Die Kinder sind keine professionellen Models, sondern echte Kinder aus dem persönlichen Umfeld von Demna Gvasalia - etwa seine eigene Tochter, Kinder von Mitarbeitern oder Freunden aus der Kunstszene. Sie wurden nicht über Agenturen engagiert, sondern eingeladen, mitzumachen.
Warum verwendet Balenciaga Kinder in seinen Kampagnen?
Balenciaga nutzt Kinder, um die Absurdität der Konsumkultur und die Entfremdung von Unschuld in der Mode zu thematisieren.
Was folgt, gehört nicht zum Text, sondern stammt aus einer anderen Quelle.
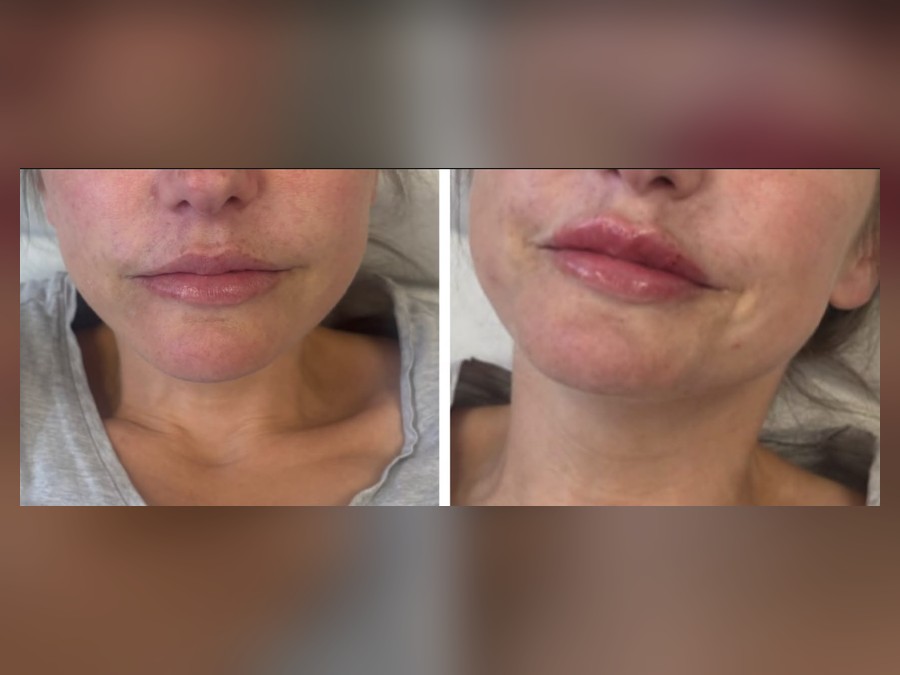 Lip enhancement before and after result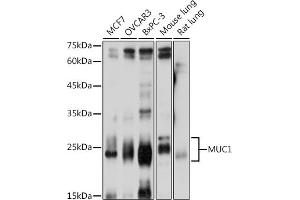 Western blot analysis of extracts of various cell lines, using MUC1 antibody (ABIN6131522, ABIN6144194, ABIN6144195 and ABIN6213810) at 1:1000 dilution.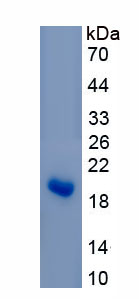 Active Receptor Activator Of Nuclear Factor Kappa B Ligand (RANkL)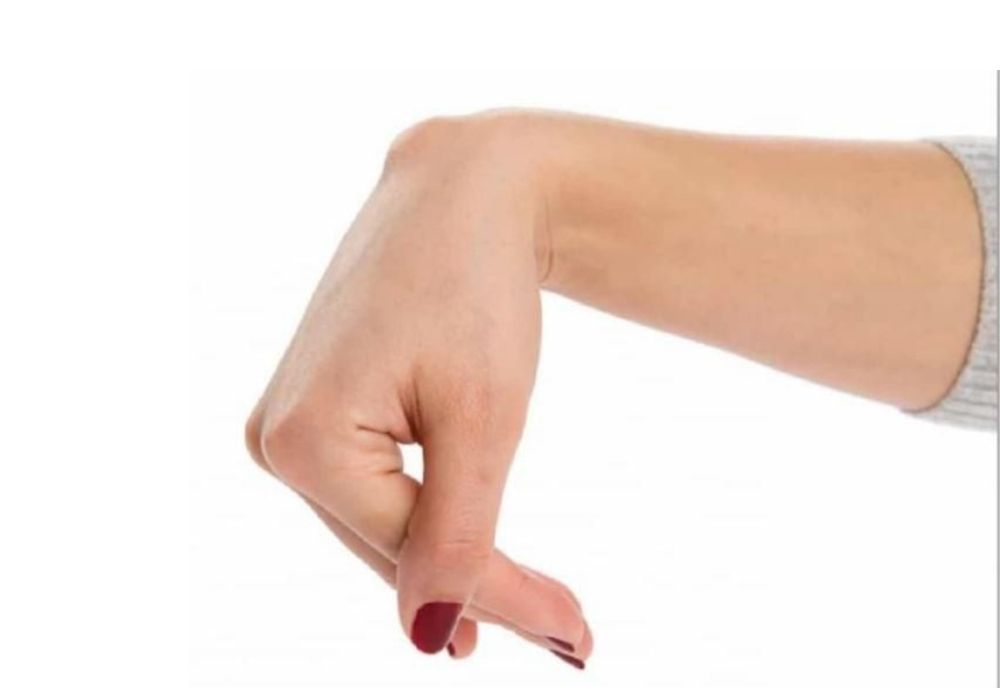 Bài tập chữa tê tay: Duỗi gập cổ tay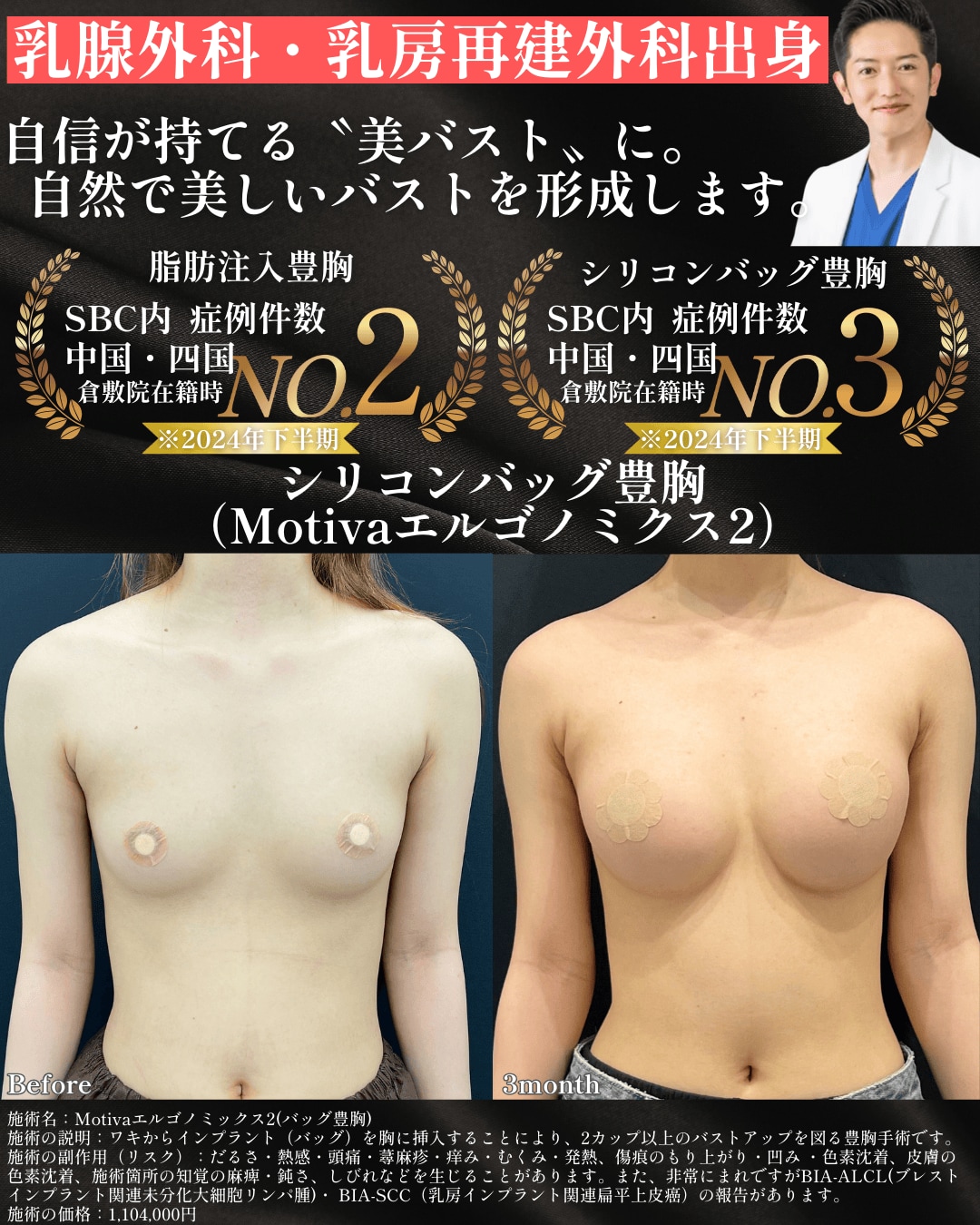 豊胸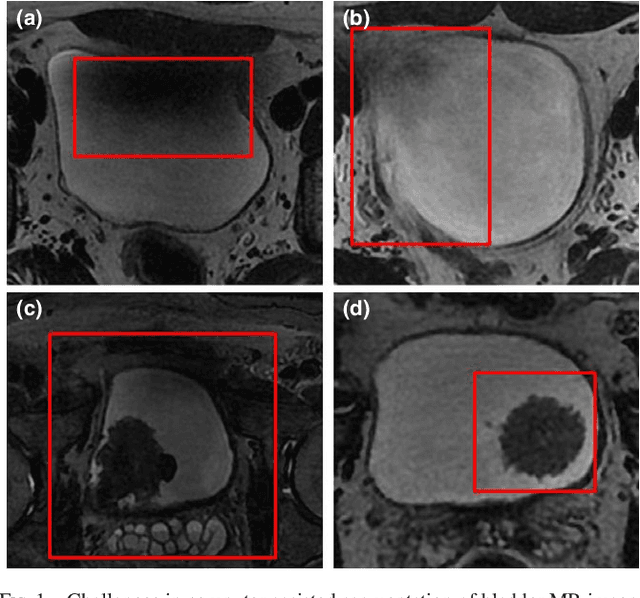 Figure 1 for Multi-region segmentation of bladder cancer structures in MRI with progressive dilated convolutional networks
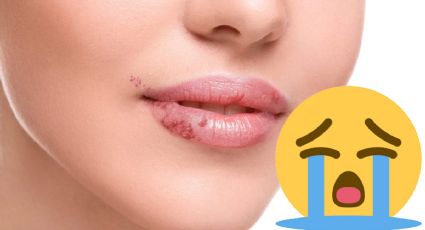 ¿Cómo quitar los fuegos labiales? 3 tips para conseguirlo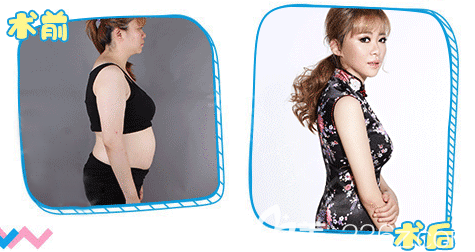 整形醫(yī)院吸脂案例 整形醫(yī)院吸脂案例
Die Kinder wirken nicht als Verkaufsobjekte, sondern als Symbole für eine Generation, die von einer Welt geprägt wird, die sie nicht kontrollieren kann.
Wer ist der Fotograf hinter den Balenciaga-Kampagnen mit Kindern?
Der Hauptfotograf ist David Sims, ein langjähriger Kollaborateur von Balenciaga, der für seine dokumentarische, minimalistische Ästhetik bekannt ist. Er arbeitet oft mit natürlichem Licht und ohne künstliche Inszenierung.
Wurden die Kinder für die Shootings bezahlt?
Nein, die Kinder wurden nicht bezahlt. Sie erhielten gelegentlich ein Kleidungsstück als Geschenk, aber es gab keine finanzielle Entlohnung. Die Teilnahme war freiwillig und basierte auf persönlichen Beziehungen.
Ist die Nutzung von Kindern in Modekampagnen ethisch vertretbar?
Die Kritik ist berechtigt, aber Balenciaga vermeidet die üblichen Ausbeutungsformen: Keine kommerzielle Vermarktung der Kinder, keine Namen, keine Social-Media-Präsenz. Die Bilder dienen einer künstlerischen Aussage, nicht dem Verkauf. Dennoch bleibt die Diskussion offen - besonders wenn es um die Grenzen von Kunst und Kommerz geht.